1. External Reasons. A joint venture-agreement is a good example of when external forces or parties prompt a company to adopt management control systems. During a joint venture, companies have to cooperate within a contractual framework, and doing so requires a company to show greater transparency in order to monitor and better coordinate the dealings. Another example is a multi-company agreement involving early-stage firms, when relatively new players seek legitimacy and so adopt MCSs in order to appear more credible to new customers and investors.
2. Internal Reasons. Sometimes companies adopt MCSs not because of any external value the systems may bring to the organization, but because of a proactive or reactive trigger. For example, when an early-stage company brings in skills that were previously non-existent, the incoming manager's background or experience often prompts the adoption of MCSs. Other times, companies have a particular need - to coordinate a geographically dispersed workforce, for example - and this acts as the trigger. Failures or unexpected problems force a company to react by implementing new systems. Or MCSs may simply evolve out of a routine process of continuous learning.
Manager's background affects adoption rate
There would appear to be no link between the different reasons for adopting systems and how long it takes to adopt them - with one exception. When the manager's background is the reason behind a system, the adoption rate is significantly quicker than when systems are taken on because of the need for credibility.
A potential explanation for the low correlation between reasons and rates of adoption would be that most of the scenarios that lead to MCS adoption happen randomly: for example, a crisis in the company or a joint-venture deal, with no reason to believe that one scenario is more likely to happen any earlier than the other. An alternative explanation could be that the sample size of 69 was too small to be statistically significant in this case.
Impact on performance
Systems adopted because of the manager's background are associated with better performance than systems adopted proactively or reactively for any other reason. This suggests that the timely adoption by a manager with the knowledge to deploy the system is a key driver for success.
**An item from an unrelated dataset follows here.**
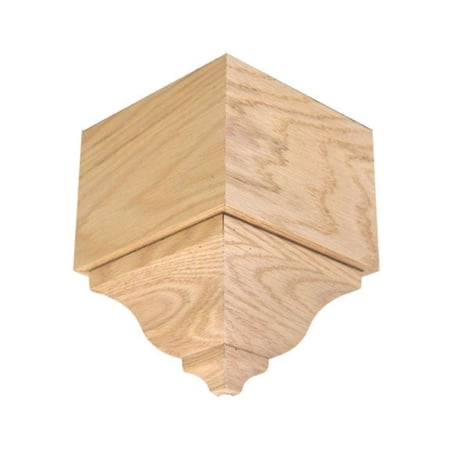 Hardwood Crown Moulding Outside Corner Block EWCR63, Red Oak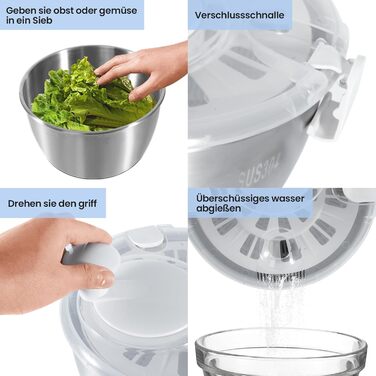 Швидка салатниця-швидкокрутка з нержавіючої сталі 4.5 л, біла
When external reasons drive the adoption of systems, MCSs appear to fail to bring the required structure to improve on-time performance.
Moreover, when systems are adopted as a reaction to crises and problems, the performance is worse than all other categories. The results suggest that companies may design systems without accessing the appropriate information.
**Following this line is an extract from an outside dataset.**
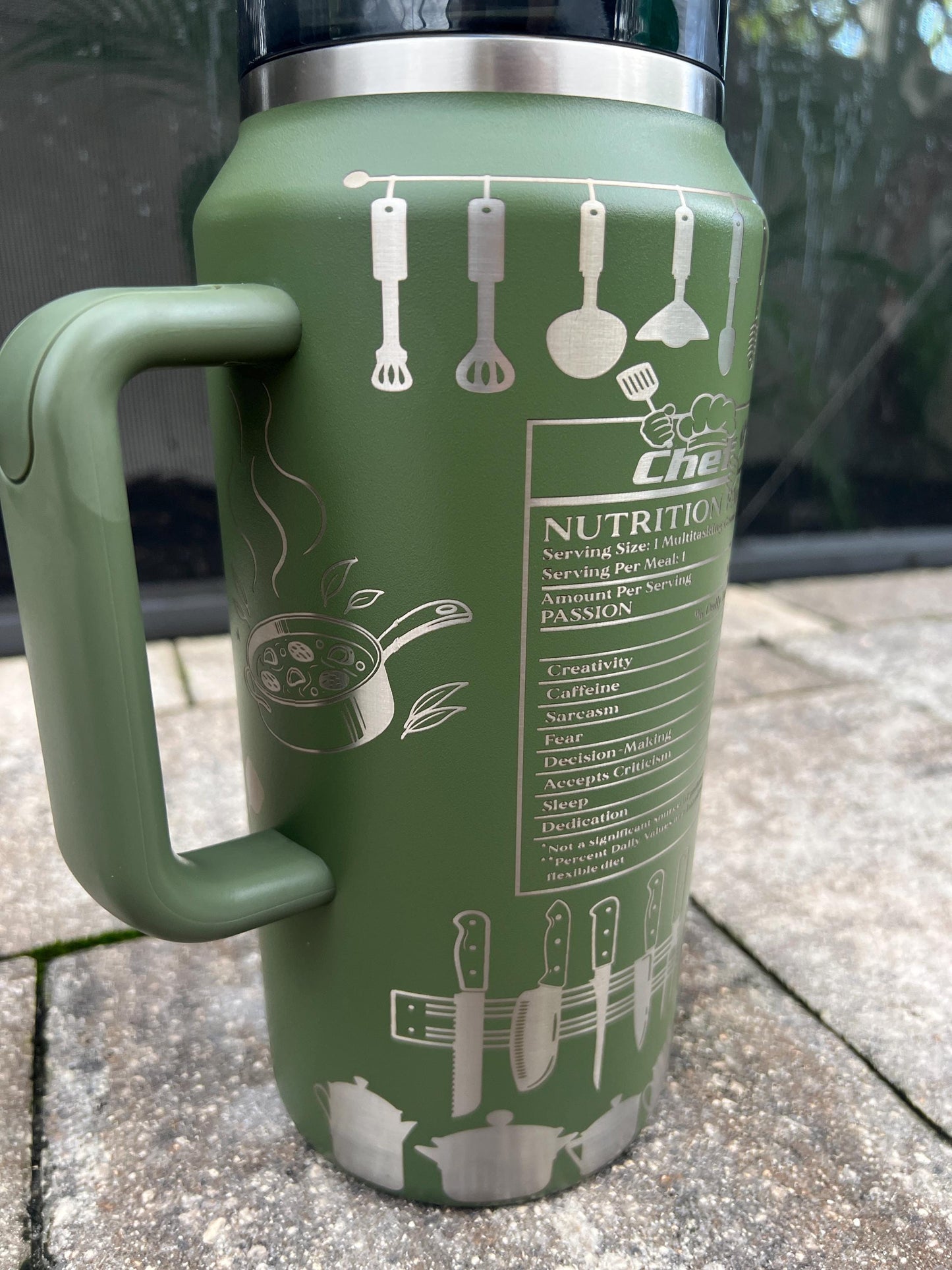 Chef Life Stanley Quencher: 64 Oz Laser Engraved Tumbler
Finally, companies that adopt MCSs for various reasons perform worse relative to the control group of companies that have an informal management approach, with two exceptions. These are those companies that owe their MCSs to the manager's background and those that have formalized processes over time.
However, this underperformance may not necessarily mean that having systems compares badly to the informal management approach. These companies are most likely learning in the transition period how to use the systems that they have had to adopt, because the informal processes were not enough.
Given the above findings, future research could examine if the evolution of systems in more established companies is similar to that of these early-stage firms. Also, how do companies that don't adopt MCSs as a survival tool fare?